Building and validating combined predictive nomogram
In order to combine the merits of each model in predicting MSPNs, a combined nomogram was constructed from our model, PKUPH model, Shanghai model, and Mayo model, to predict malignancy of SPNs in training cohort and external validation cohort (Figure 4A, B respectively). Each model was assigned a point. As an example, locate our model risk score, draw a line straight upward to the "Points" axis to determine how many points associated with that model risk score. Repeat the process for each model, sum the points achieved for each covariate, and locate the sum on the "Total Points" axis. Final draw a line straight down to find the patient’s risk of malignance. The AUC of combined nomogram was 0.789 for the training set, and an AUC of 0.735 for the external validation set, which were higher than those models alone. Then the calibration curves for the probability of malignancy were used to assess the agreement between the predicted and actual observation in training cohort, validation cohort, and external validation cohort (Figure 4C, D respectively). The calibration plots showed a good match between the prediction by nomogram and actual observation. All the results revealed the improvement of SPNs discrimination using the combined nomogram.

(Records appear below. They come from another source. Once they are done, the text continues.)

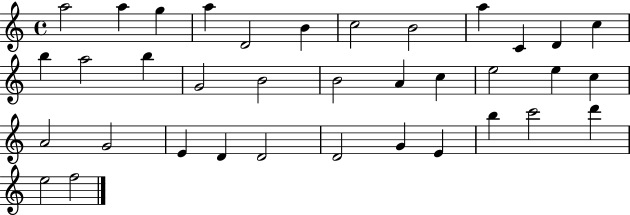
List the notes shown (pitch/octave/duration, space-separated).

A5/h A5/q G5/q A5/q D4/h B4/q C5/h B4/h A5/q C4/q D4/q C5/q B5/q A5/h B5/q G4/h B4/h B4/h A4/q C5/q E5/h E5/q C5/q A4/h G4/h E4/q D4/q D4/h D4/h G4/q E4/q B5/q C6/h D6/q E5/h F5/h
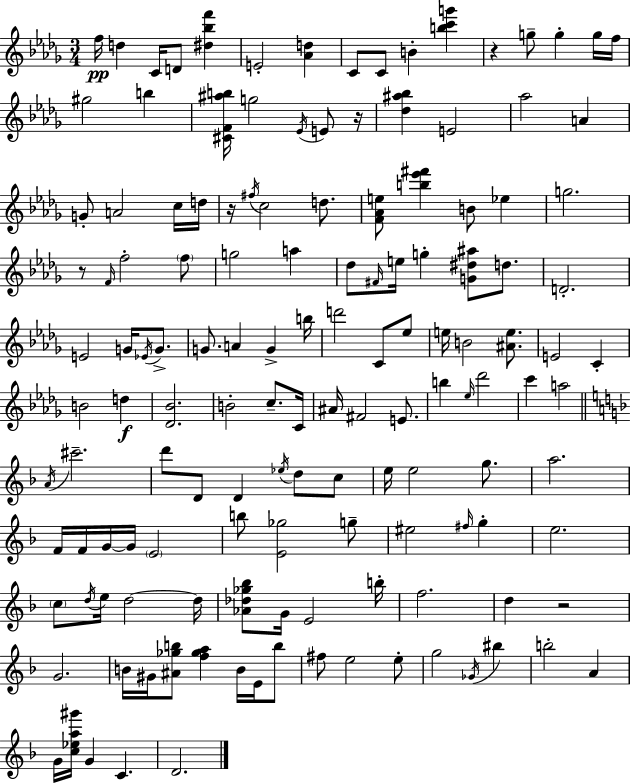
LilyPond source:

{
  \clef treble
  \numericTimeSignature
  \time 3/4
  \key bes \minor
  f''16\pp d''4 c'16 d'8 <dis'' bes'' f'''>4 | e'2-. <aes' d''>4 | c'8 c'8 b'4-. <b'' c''' g'''>4 | r4 g''8-- g''4-. g''16 f''16 | \break gis''2 b''4 | <cis' f' ais'' b''>16 g''2 \acciaccatura { ees'16 } e'8 | r16 <des'' ais'' bes''>4 e'2 | aes''2 a'4 | \break g'8-. a'2 c''16 | d''16 r16 \acciaccatura { fis''16 } c''2 d''8. | <f' aes' e''>8 <b'' ees''' fis'''>4 b'8 ees''4 | g''2. | \break r8 \grace { f'16 } f''2-. | \parenthesize f''8 g''2 a''4 | des''8 \grace { fis'16 } e''16 g''4-. <g' dis'' ais''>8 | d''8. d'2.-. | \break e'2 | g'16 \acciaccatura { ees'16 } g'8.-> g'8. a'4 | g'4-> b''16 d'''2 | c'8 ees''8 e''16 b'2 | \break <ais' e''>8. e'2 | c'4-. b'2 | d''4\f <des' bes'>2. | b'2-. | \break c''8.-- c'16 ais'16 fis'2 | e'8. b''4 \grace { ees''16 } des'''2 | c'''4 a''2 | \bar "||" \break \key f \major \acciaccatura { a'16 } cis'''2.-- | d'''8 d'8 d'4 \acciaccatura { ees''16 } d''8 | c''8 e''16 e''2 g''8. | a''2. | \break f'16 f'16 g'16~~ g'16 \parenthesize e'2 | b''8 <e' ges''>2 | g''8-- eis''2 \grace { fis''16 } g''4-. | e''2. | \break \parenthesize c''8 \acciaccatura { d''16 } e''16 d''2~~ | d''16 <aes' des'' ges'' bes''>8 g'16 e'2 | b''16-. f''2. | d''4 r2 | \break g'2. | b'16 gis'16 <ais' ges'' b''>8 <f'' ges'' a''>4 | b'16 e'16 b''8 fis''8 e''2 | e''8-. g''2 | \break \acciaccatura { ges'16 } bis''4 b''2-. | a'4 g'16 <c'' ees'' a'' gis'''>16 g'4 c'4. | d'2. | \bar "|."
}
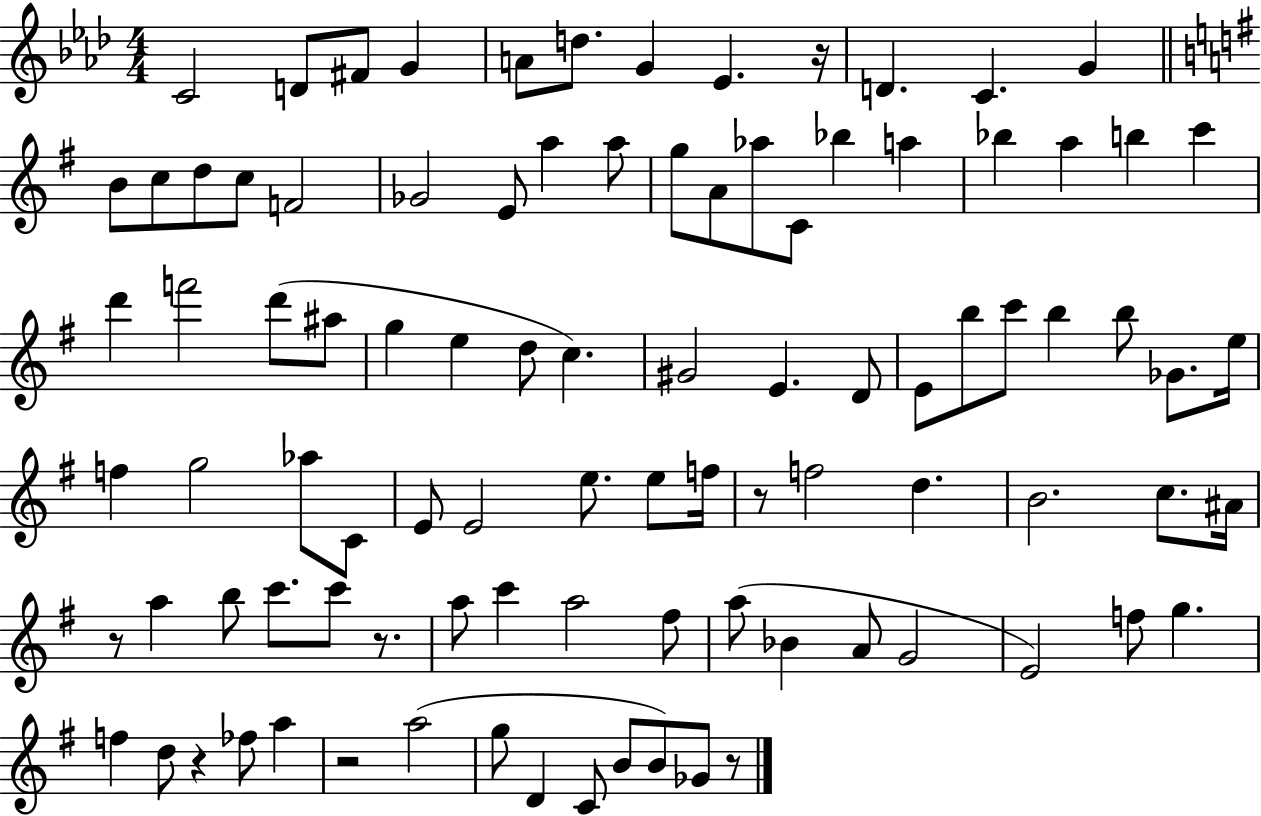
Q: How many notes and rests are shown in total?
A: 95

The correlation between the novel prediction, PKUPH, Shanghai, and Mayo models
Figure 5 and Supplement Table 4 showed the correlations between the novel prediction model, PKUPH model, and Mayo model in training cohort (A) and external validation cohort (B). Pearson's correlation coefficients (PCC) was computed to determine the interrelationship between the three models. The results revealed that the new prediction model was significantly and positively correlated with PKUPH model (PCC: training cohort: 0.669, P < 0.001; external validation cohort: 0.586, P < 0.001), Shanghai model (PCC: training cohort: 0.613, P < 0.001; external validation cohort: 0.665, P < 0.001), and Mayo model (PCC: training cohort: 0.429, P < 0.001; external validation cohort: 0.379, P < 0.001), indicating that our analysis results had credible prediction value.